During a typical day, when you leave your hotel, (if the day starts out cool), you may choose to wear a shell jacket with a fleece or wool sweater underneath along with a shirt or T-shirt, a pair of long pant pants, with hat, sun glasses and rain-gear in your day pack. If we are touring with day hikes, you need a good pair of waterproof walking shoes. As the day warms up, you will adjust layers and tuck clothes into your day pack.
Since toilet facilities are not always available, women may prefer wearing skirts rather pants. It is easier to “squat” in a skirt and you can easily bathe surreptitiously under a skirt, if necessary. We recommend long skirts. They have many advantages: culturally appropriate, cooler than pants.

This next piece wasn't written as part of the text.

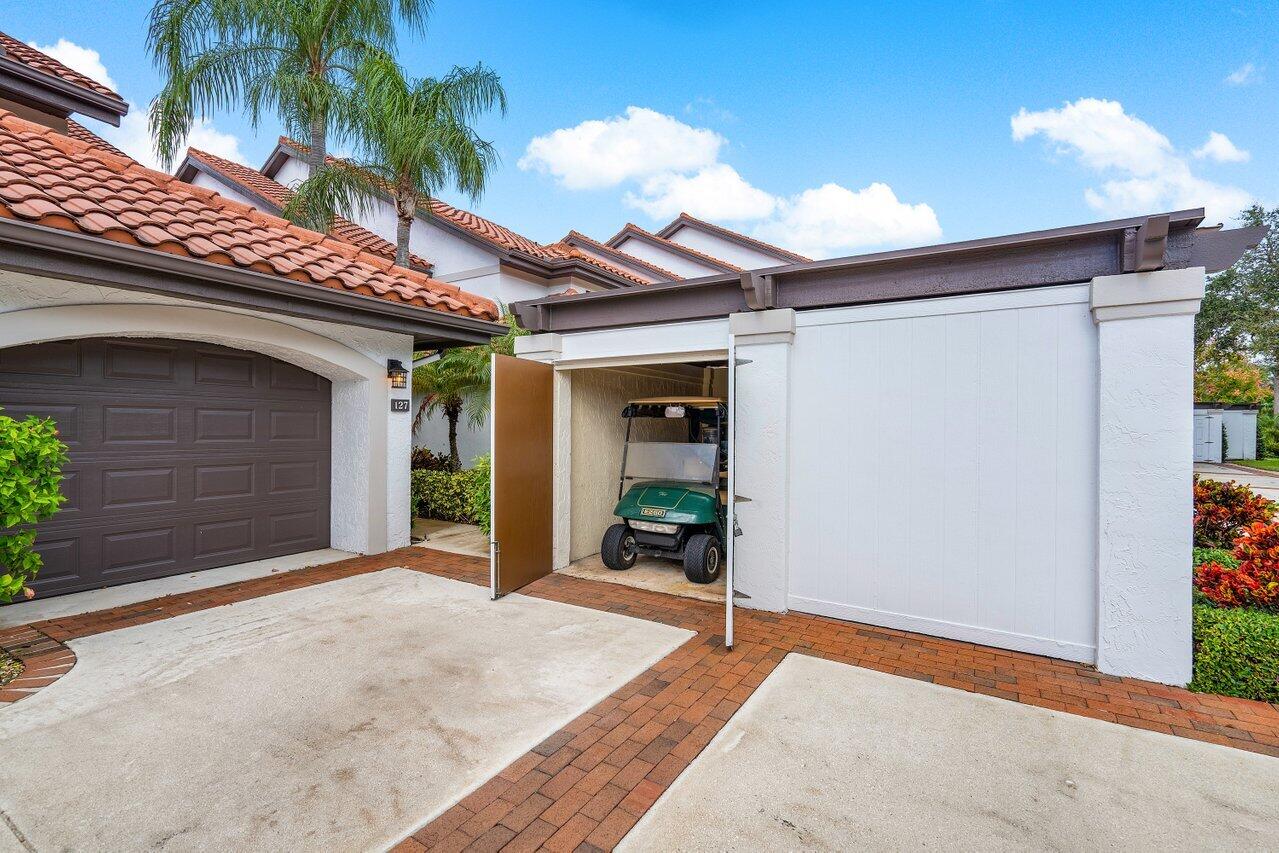 16647 Traders Crossing North, Unit 127 Jupiter, FL 33477 - Photo 3 of 51 004-16647TradersCrossingNorth-Jupiter-FL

Visiting Sites of Cultural Importance
When you enter the monasteries and temples, do not wear hats, shorts or sleeveless shirts. Shoes are always taken off outside before entering the shrine or temple. Socks are allowed. Floors of these temples sometimes tend to be cold, so we recommend wearing warm socks. Smoking, consumption of alcohol or narcotic in and around temples/monasteries or religious monuments is a taboo and so is shouting, yelling or laughing with loud voices in and around religious area. Do not point with your forefingers to a person, religious figures or statues. Instead a stretched palm is used as a reverence or respect to point to someone. When visiting a temples or monasteries, small donations are welcomed. If you wish to give these donations as an offering, convert into small changes of Nu. 5s and 10s Nu.
Walking and Hiking
Since some cultural itineraries combine hiking with a cultural focus, being fit will greatly increase your experience. The hikes are designed for all levels but in the Himalayas the elevation is higher and terrain more rugged. We ask that you start or continue a program of regular aerobic exercise prior to your trip. Please note that there are almost no wheel chair access sights in the country. When visiting sights, the vehicles are parked in the parking lot and you walk to get the sight. Sometimes they are steep uphill or down and may involve climbing steep stairs. Although all these walks can be avoided, being fit before you leave home will enable you to enjoy these days to the fullest.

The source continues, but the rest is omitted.